20 Jahre später zeigt Pulo Aceh wieder seine natürliche Schönheit. Die kleinen Inseln ganz im Westen von Indonesien sind so grün und lebendig wie einst. Vor den unberührten Stränden lockt eine einzigartige Fauna, Meeresschildkröten schwimmen im Wasser. Die einheimischen Bak-Rubek-Blumen schmücken mit ihrem charakteristischen Violett die Hügel, die zum historischen Leuchtturm führen.

Die lokale Bevölkerung und die Regierung haben am Wiederaufbau der so schwer getroffenen Inseln gearbeitet, doch nun stehen sie vor neuen Herausforderungen. Besonders die zunehmenden Auswirkungen des Klimawandels machen Pulo Aceh zu schaffen. Seit vielen Generationen dient der Ozean der Bevölkerung als Existenzgrundlage, heute aber kämpfen die Menschen in der Fischerei mit kaum vorauszusehenden Wetterbedingungen und sinkenden Fangmengen. „Die Gewässer sind unberechenbar geworden“, sagt der 28-jährige Muhajirin, der in einer lokalen Genossenschaft arbeitet. „Durch die steigenden Meerestemperaturen liegen die Fanggründe nun weiter entfernt und die Korallenriffe – der natürliche Lebensraum der Fische – bleichen aus.“

Image
Karte Südostasiens mit Fokus auf die Inselgruppe Pulo Aceh, ergänzt durch einen Kreiszoom und Markierungen für Jakarta, Singapur und Kuala Lumpur.

„Die Gewässer sind unberechenbar geworden.“

Muhajirin
Fischer und KI-Aktivist

Wie Pulo Aceh ist der gesamte indonesische Archipel besonders anfällig für steigende Meeresspiegel, extreme Regenfälle und Überflutungen. Laut Länderbericht „Klima und Entwicklung“ der Weltbank stehen rund 70 Prozent der Naturkatastrophen in Indonesien im Zusammenhang mit dem Klimawandel. Der südostasiatische Staat mit einer Bevölkerung von rund 283 Millionen Menschen zählt zu den am stärksten vom Klimarisiko betroffenen Ländern.

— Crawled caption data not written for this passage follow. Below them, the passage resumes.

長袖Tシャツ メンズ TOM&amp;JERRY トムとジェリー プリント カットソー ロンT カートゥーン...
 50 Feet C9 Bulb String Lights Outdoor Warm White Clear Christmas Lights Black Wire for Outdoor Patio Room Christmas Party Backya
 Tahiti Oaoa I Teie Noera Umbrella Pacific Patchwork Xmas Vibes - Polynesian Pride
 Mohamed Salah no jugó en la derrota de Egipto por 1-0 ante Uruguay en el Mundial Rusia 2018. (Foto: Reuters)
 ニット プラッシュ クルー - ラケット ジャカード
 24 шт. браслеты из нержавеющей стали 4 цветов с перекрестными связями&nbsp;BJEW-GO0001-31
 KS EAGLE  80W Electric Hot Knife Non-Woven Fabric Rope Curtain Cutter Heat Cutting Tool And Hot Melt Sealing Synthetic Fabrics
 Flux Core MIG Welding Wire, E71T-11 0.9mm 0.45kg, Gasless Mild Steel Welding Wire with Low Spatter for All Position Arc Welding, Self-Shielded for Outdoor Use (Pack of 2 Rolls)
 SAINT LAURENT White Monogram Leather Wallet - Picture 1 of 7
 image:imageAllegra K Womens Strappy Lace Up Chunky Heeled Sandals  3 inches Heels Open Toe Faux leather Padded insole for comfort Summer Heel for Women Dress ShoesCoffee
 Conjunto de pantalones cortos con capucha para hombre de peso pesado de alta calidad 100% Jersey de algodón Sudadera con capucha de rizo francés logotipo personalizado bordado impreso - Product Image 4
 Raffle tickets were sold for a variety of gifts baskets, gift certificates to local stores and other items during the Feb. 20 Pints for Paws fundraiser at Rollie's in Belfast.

Ein Pilotprojekt zur Klimaresilienz

Die Anpassung an den Klimawandel hat oberste Priorität. Sie ist entscheidend, um die Bevölkerung, die Ökosysteme und die Wirtschaft Indonesiens zu schützen. Internationale Partner und lokale Initiativen arbeiten zusammen, um innovative Lösungen zu finden. In Pulo Aceh bringt die Deutschen Gesellschaft für Internationale Zusammenarbeit (GIZ) GmbH mit lokalen Partnern eine Initiative für eine sogenannte blaue Wirtschaft voran. Die „Blue Economy“ will die wirtschaftliche Grundlage der Menschen im Umfeld der Ozeane stärken und gleichzeitig dieses bedrohte Ökosystem erhalten. Das Pilotprojekt in Pulo Aceh bezieht lokale Küstengemeinschaften ein und setzt auf künstliche Intelligenz (KI).

Image
Ein rot-weißer Leuchtturm ragt über mehrere strahlend blaue Gebäude mit schrägen Dächern empor, umgeben von tropischer Vegetation. Profile Kita/GIZ

KI für alle

Das Pilotprojekt in Pulo Aceh ist Teil der Initiative „FAIR Forward – Künstliche Intelligenz für Alle“, die mit den Partnerländern Ghana, Ruanda, Uganda, Kenia, Südafrika, Indonesien und Indien zusammenarbeitet. Die Initiative bietet Zugang zu Schulungsdaten und KI-Technologie, um lokale Innovationen zu unterstützen, digitale Kompetenzen vor Ort auszubauen und ein politisches Umfeld für wertebasierte KI und besseren Datenschutz zu schaffen. Die Arbeit in der entlegenen Küstenregion Indonesiens ist der erste Versuch, KI in die „Blue Economy“ einzubetten. Durch energieeffiziente KI-Modelle und vernetzte Sensoren werden nachhaltige digitale Lösungen geschaffen, die direkt an die Bedürfnisse der Küstengemeinden angepasst sind. Angestoßen wurde das Projekt durch eine Anfrage der nationalen Entwicklungsagentur Indonesiens zur Entwicklung von KI-Lösungen für Küstengebiete. 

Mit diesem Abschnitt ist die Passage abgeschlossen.